7 Haziran’da hiç beklemediği bir sonuç alarak, 9 puan gerileyip, 12.5 yıllık tek başına iktidarı kaybeden AKP, öyle görünüyor ki, Sarayın yoğun tazyikiyle zorladığı yeni seçimde durumu tersine çevirmek için her yolu deneyecek.
Söylendiğine göre, bunlardan biri, Güneydoğu ve Doğu seçmenini örgüt kaynaklı baskı ve tehditlerden kurtarmak olacak.
Ama sormak lâzım: Eğer böyle bir durum var idiyse, tedbirini 7 Haziran’da da alması gerekmez miydi? Seçim ve seçmen güvenliğini sağlamak iktidarın görevi değil mi?
Demek ki, iktidar “çözüm süreci”nde örgütün diğer faaliyetlerine göz yumarken, bu baskı ve tehditlere de seyirci kalmış.
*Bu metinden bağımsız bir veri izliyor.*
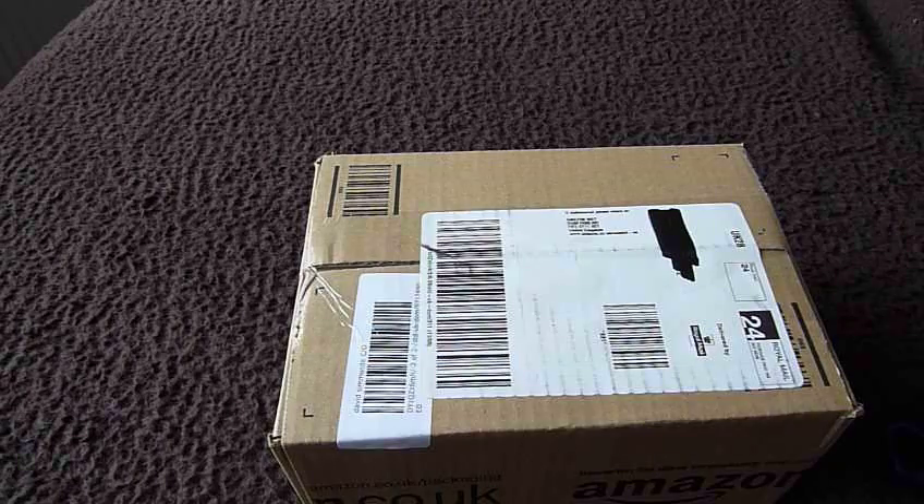This is a very quick unboxing video of the Baofeng UV5RA Dual Band Transceiver. This is the first one I've ever done — I've never done an unboxing video before. I've always been too eager to get at the product inside the box and then thought, I should have done a video of that. So we're going to do one today. I purchased this from Amazon in the UK two days ago and it has arrived promptly on first-class delivery.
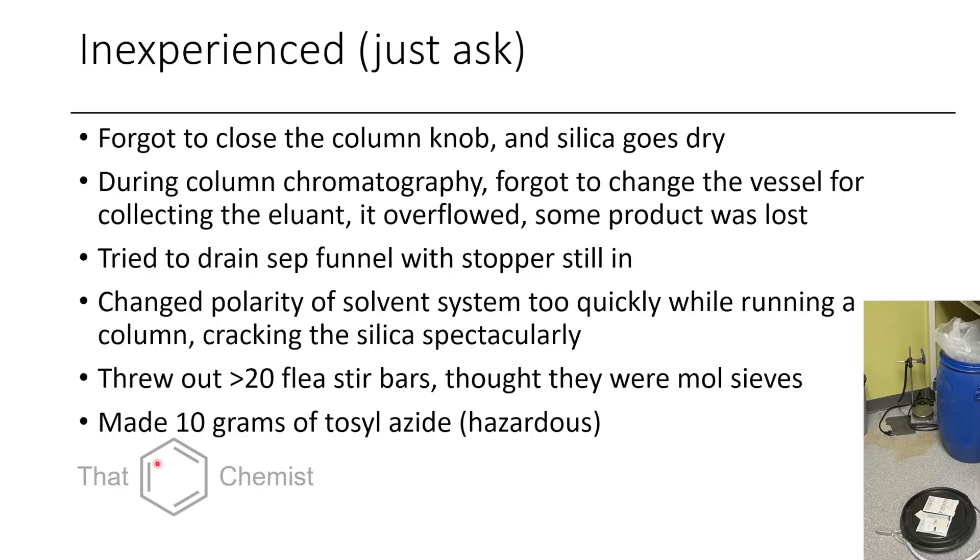One time I made 10 grams of tosyl azide thinking, oh, it's just like a chemical, I'm going to do several reactions with this, this is fine. But I didn't realize quite how dangerous tosyl azide was at that point in time. If you look on my old channel, I actually have a video of me quenching the remainder of this 10 grams of tosyl azide. It's kind of a long video, not too interesting, but it's there if you want to see it. Hopefully this has been an entertaining video about rookie mistakes in the lab and things not to do, and hopefully a little bit informative. If you have any questions or comments, please leave them below. It would really help out the channel if you left a like and subscribed. I hope you have a great day.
Sonra da çıkıp, “HDP bu oyları baskı ve tehditle aldı, barajı o sayede aştı” diye şikâyet ediyor ve seçim sonuçlarının meşruiyetini güya tartışmaya açıyor. Ama bu çok kritik ve önemli tartışmanın da arkasında durmuyor, öylesine söyleyip bırakıyor.